Pacific Gas & Elec. Co. v. Nakano , 12 Cal.2d 711
[Sac. No. 5200. In Bank. February 17, 1939.]
PACIFIC GAS AND ELECTRIC COMPANY (a Corporation), Respondent, v. JIROKICHI NAKANO et al., Defendants; RETAILERS’ CREDIT ASSOCIATION OF SACRAMENTO (a Corporation), Appellant; JIROKICHI NAKANO, Respondent.
John A. McGilvray and Kenneth G. McGilvray for Appellants.
R. H. Schwab and Walter T. Tsukamoto for Respondent.

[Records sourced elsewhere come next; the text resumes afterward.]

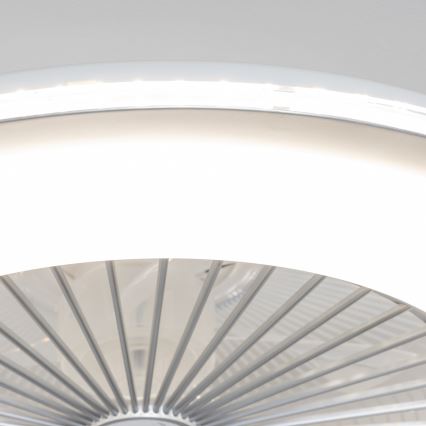 Brilagi - LED Lampa z regulacją jasności z wentylatorem RONDA LED/48W/230V 3000-6000K srebrna + pilot zdalnego sterowania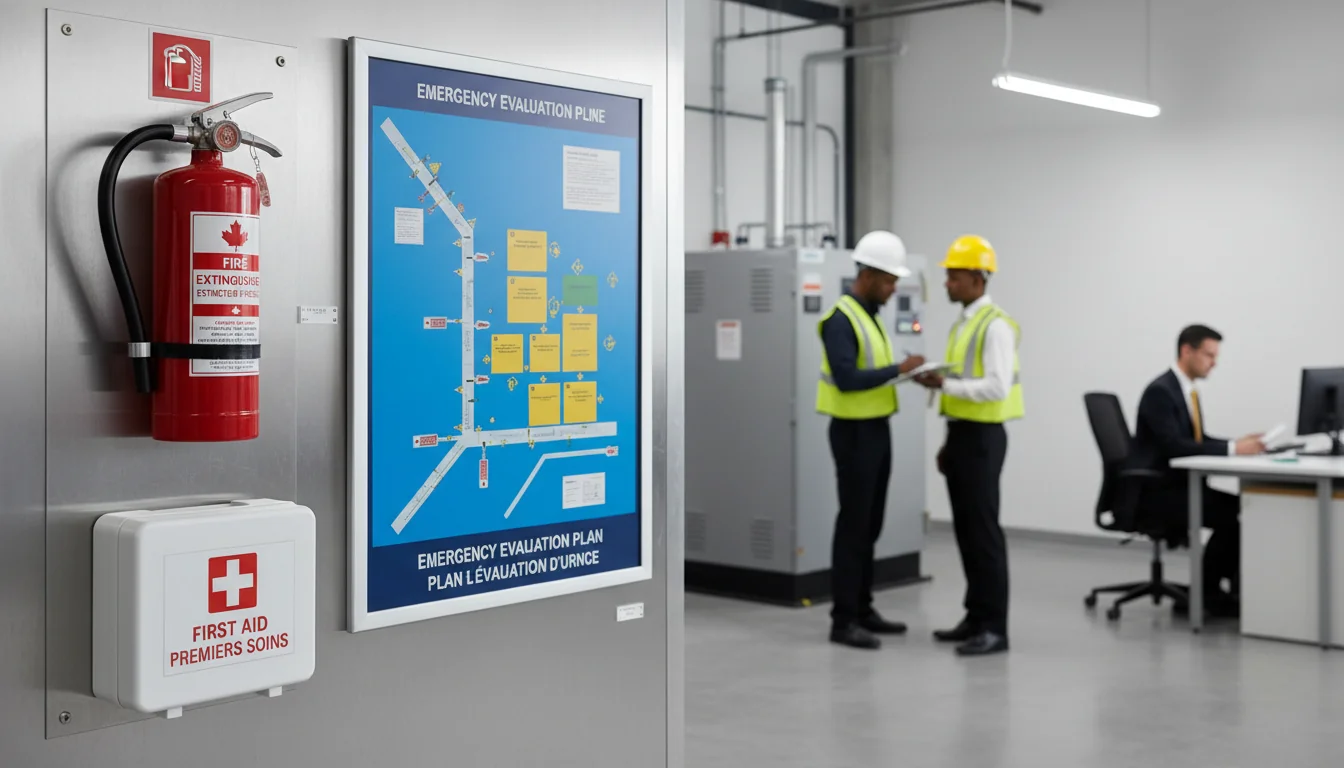 Emergency equipment in workplace.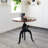 Caihe Iron Top End Table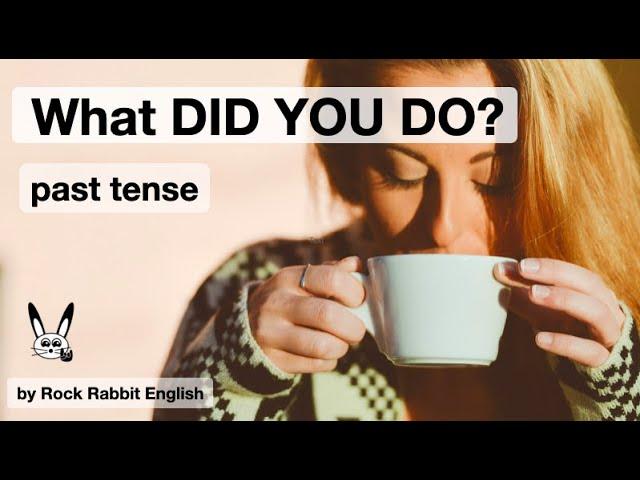 What did you do - Past Tense Vocabulary and Sentences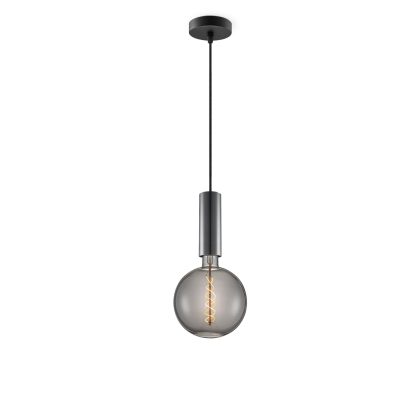 Light depot - hanglamp Saga zwart Spiral g180 - smoke - Outlet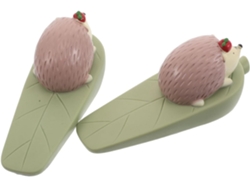 2 Piezas Cute Pvc Animal Door Stops Decorative Door Wedges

Action in interpleader. Plaintiff had in its possession the sum of $1,080, being the balance due on a judgment rendered against it and in favor of one Hiroshima for personal injuries. The two defendants laid claim to this money, whereupon plaintiff paid the same into court, and brought this action for the purpose of having it determined [12 Cal.2d 712] which of the two defendants was entitled to the money. The plaintiff herein, being the defendant in the personal injury action, appealed from the judgment in said action, which was subsequently affirmed. The defendant, the Retailers’ Credit Association, claimed to be entitled to said money by virtue of two executions or garnishments levied upon said fund, one pending said appeal, and the other after the judgment in the personal injury action had become final through affirmance. The defendant Nakano claimed to be entitled to said money through and by virtue of an assignment of one-half of said judgment. (The other half had been assigned to the attorneys in the personal injury action in payment of their services, and no question is raised as to the validity of that assignment.) The assignment to Nakano was executed and delivered and notice given to the plaintiff after the levy of the first execution or garnishment, but before the levy of the second execution or garnishment. The trial court rendered judgment in favor of the defendant Nakano, and the Retailers’ Credit Association appeals. We shall refer to the plaintiff herein as the plaintiff, to the Retailers’ Credit Association as the appellant, and to Nakano as the respondent.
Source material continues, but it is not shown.